« Les réseaux sociaux, c’est la vraie vie ». Face à des collégiens et lycéens, Karim Amellal, coauteur d’un rapport sur « la haine internet », répète son message : l’insulte virtuelle a des conséquences « bien réelles » et mène à des « passages à l’acte parfois catastrophiques ».
Son rapport, écrit avec les députés Gil Taieb et Laetitia Avia, servira de base à une proposition de loi déposée en mai, annoncée mercredi soir par Emmanuel Macron au dîner du Crif.
Jeudi après-midi, invité par l’association « Bâtisseuses de paix », l’auteur et professeur à Sciences-Po assure « le service après-vente de (sa) mission » devant une centaine de collégiens et lycéens, réunis sous les plafonds dorés et les lustres de la mairie du 11e arrondissement de Paris.

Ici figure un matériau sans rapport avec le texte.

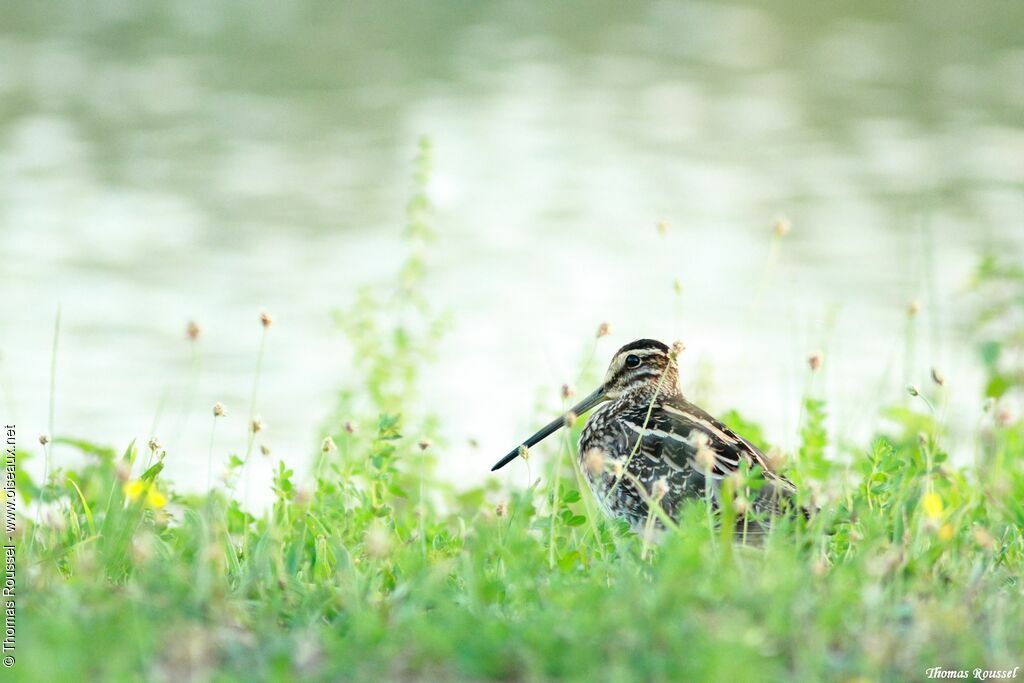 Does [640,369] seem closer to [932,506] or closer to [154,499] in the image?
[932,506]

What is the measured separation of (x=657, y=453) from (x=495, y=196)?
11090mm

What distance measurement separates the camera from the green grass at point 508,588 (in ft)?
11.8

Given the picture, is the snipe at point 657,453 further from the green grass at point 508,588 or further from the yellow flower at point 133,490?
the yellow flower at point 133,490

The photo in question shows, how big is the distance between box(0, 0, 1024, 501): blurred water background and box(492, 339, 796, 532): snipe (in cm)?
103

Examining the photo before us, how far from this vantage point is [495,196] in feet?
54.2

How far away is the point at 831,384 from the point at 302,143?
28.8ft

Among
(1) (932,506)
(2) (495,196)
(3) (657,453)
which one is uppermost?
(2) (495,196)

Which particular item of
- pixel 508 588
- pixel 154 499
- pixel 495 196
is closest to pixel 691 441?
pixel 508 588

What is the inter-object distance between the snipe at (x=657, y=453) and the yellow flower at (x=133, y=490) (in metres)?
1.36

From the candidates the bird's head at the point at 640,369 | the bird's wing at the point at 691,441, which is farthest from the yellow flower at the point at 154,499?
the bird's head at the point at 640,369

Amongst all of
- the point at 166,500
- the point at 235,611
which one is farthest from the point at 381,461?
the point at 235,611

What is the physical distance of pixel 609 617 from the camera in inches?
145

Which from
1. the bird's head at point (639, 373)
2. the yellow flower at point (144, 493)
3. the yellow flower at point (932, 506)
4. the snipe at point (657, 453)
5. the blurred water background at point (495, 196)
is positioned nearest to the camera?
the yellow flower at point (144, 493)

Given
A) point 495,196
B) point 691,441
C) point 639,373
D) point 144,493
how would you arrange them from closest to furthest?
point 144,493 → point 691,441 → point 639,373 → point 495,196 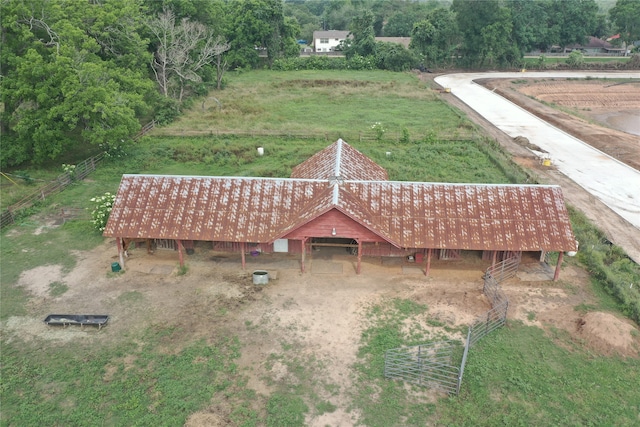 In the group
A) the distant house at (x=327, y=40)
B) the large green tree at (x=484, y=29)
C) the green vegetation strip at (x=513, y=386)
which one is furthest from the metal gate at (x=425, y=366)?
the distant house at (x=327, y=40)

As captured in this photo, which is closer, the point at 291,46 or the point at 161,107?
the point at 161,107

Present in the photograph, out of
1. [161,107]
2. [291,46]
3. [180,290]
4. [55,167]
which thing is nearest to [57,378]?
[180,290]

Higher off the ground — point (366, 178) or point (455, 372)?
point (366, 178)

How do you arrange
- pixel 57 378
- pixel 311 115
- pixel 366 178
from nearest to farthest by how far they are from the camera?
pixel 57 378 < pixel 366 178 < pixel 311 115

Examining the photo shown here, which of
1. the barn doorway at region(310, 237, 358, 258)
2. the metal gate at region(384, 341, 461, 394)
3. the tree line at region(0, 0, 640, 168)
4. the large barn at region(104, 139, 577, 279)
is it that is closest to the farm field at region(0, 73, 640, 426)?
the barn doorway at region(310, 237, 358, 258)

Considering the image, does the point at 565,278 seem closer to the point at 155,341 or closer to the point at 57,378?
the point at 155,341

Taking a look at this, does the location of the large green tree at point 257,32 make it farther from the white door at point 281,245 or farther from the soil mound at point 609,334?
the soil mound at point 609,334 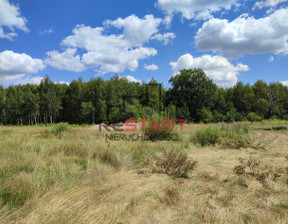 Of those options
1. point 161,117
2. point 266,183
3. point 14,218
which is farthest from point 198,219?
point 161,117

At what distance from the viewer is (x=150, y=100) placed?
105 ft

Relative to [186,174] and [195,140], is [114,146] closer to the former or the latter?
[186,174]

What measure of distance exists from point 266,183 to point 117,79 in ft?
121

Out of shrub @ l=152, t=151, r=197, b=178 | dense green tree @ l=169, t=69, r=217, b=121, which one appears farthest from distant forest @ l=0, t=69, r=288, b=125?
shrub @ l=152, t=151, r=197, b=178

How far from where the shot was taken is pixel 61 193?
8.16ft

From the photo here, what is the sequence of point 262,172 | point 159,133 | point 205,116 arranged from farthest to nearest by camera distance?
point 205,116 < point 159,133 < point 262,172

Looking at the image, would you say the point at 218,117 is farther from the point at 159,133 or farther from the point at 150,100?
the point at 159,133

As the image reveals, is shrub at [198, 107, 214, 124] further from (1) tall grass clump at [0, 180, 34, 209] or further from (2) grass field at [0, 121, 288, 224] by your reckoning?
(1) tall grass clump at [0, 180, 34, 209]

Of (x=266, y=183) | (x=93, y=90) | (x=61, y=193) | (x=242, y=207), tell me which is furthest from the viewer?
(x=93, y=90)

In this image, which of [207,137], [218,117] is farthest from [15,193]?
[218,117]

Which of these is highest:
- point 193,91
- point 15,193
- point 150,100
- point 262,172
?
point 193,91

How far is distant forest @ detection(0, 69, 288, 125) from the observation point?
105ft

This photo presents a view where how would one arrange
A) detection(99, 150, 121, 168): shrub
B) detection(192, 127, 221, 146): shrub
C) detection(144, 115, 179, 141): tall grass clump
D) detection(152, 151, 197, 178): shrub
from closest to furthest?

« Imaginez, vous êtes là dehors, place Voltaire. Vous marchez et à mesure que vous marchez, tous les gens autour vous disent « Sale noir », « Vous êtes pas chez vous en France », ils insultent vos parents… C’est interdit, et tout le monde est d’accord là-dessus, personne ne fait ça. Mais sur un fil Twitter, sur les commentaires Facebook, c’est tout le temps. Le problème, c’est que ce qui est interdit place Voltaire doit aussi l’être sur internet », résume-t-il.
Insultes antisémites, racistes, harcèlement… « Il y a une banalisation de la haine, une élévation de l’intensité de la haine dans la société en général, qui est démultipliée sur les réseaux sociaux. La haine est quasiment devenue la norme », déplore-t-il : « Il est urgent d’agir ».
Dans l’auditoire, les jeunes écoutent, discutent, ricanent. Et plongent régulièrement leur regard sur l’écran de leur smartphone.
« Pourquoi Emmanuel Macron a annoncé une loi au dîner du Crif ? Parce qu’il y a eu une explosion des actes antisémites. Et dans notre histoire, en France, l’antisémitisme est un masque de tout un tas de haines qui explosent de façon beaucoup plus dissimulée. Lutter contre l’antisémitisme, c’est lutter contre toutes les autres haines qui ciblent les personnes qui vivent dans ce pays. Les ressorts sont les mêmes ».
« Mais vous pensez que c’est avec une loi qu’on va arrêter tout ça ? », lance un lycéen de terminale.
« Tu as raison. On sait que ça suffira pas mais ça commence par là. Pendant tellement d’années, on n’en a pas parlé », souligne Karim Amellal : « C’est en train de changer parce qu’aujourd’hui, il y a des passages à l’acte, des gens qui « s’intoxiquent » tellement en ligne qu’ils vont aller agresser des gens. Il y a tellement de victimes que c’est devenu un problème de société » .
« Si on n’arrête pas ça, ça prend de l’ampleur et ensuite on peut pas revenir en arrière », abonde un élève de troisième. « Moi je suis contre (lever l’anonymat, ndlr). Si je dois donner mon numéro de téléphone pour m’inscrire (sur un réseau) et que je me fais pirater mon compte, il a accès à toutes mes infos », rétorque un autre.
Derrière ces prises de parole, plane le murmure des apartés, voire le silence.
« Il y a de l’autocensure. Tout à l’heure, un collégien a dit à une de ses responsables pédagogiques « Vous êtes d’accord avec ça ? Moi, je suis pour la liberté totale d’expression, on doit pouvoir tout dire ». « Mais quand elle lui a dit de le dire devant tout le monde, il n’a pas voulu », raconte la présidente de l’association « Bâtisseuses de Paix », Annie-Paule Derczansky, à l’issue de la séance.
Pour d’autres, c’est aussi l’occasion de se révéler.
Les deux heures d’échanges touchent à leur fin. Une jeune fille en jogging et baskets se lève.
Sans micro, voix forte, elle lance : « Depuis tout à l’heure, je vous écoute. (…) Personnellement, depuis le CP, je suis harcelée. Ça s’est arrêté en troisième parce que j’ai réussi à m’exprimer. Mais je me suis débrouillée toute seule. J’ai parlé aux professeurs, au directeur, au rectorat, j’ai porté plainte… Ça marchait pas ». « Pour moi, ça vient d’abord de chacun de nous : si chacun pense par soi-même, si on évite « l’effet mouton », ça évitera beaucoup de problèmes ».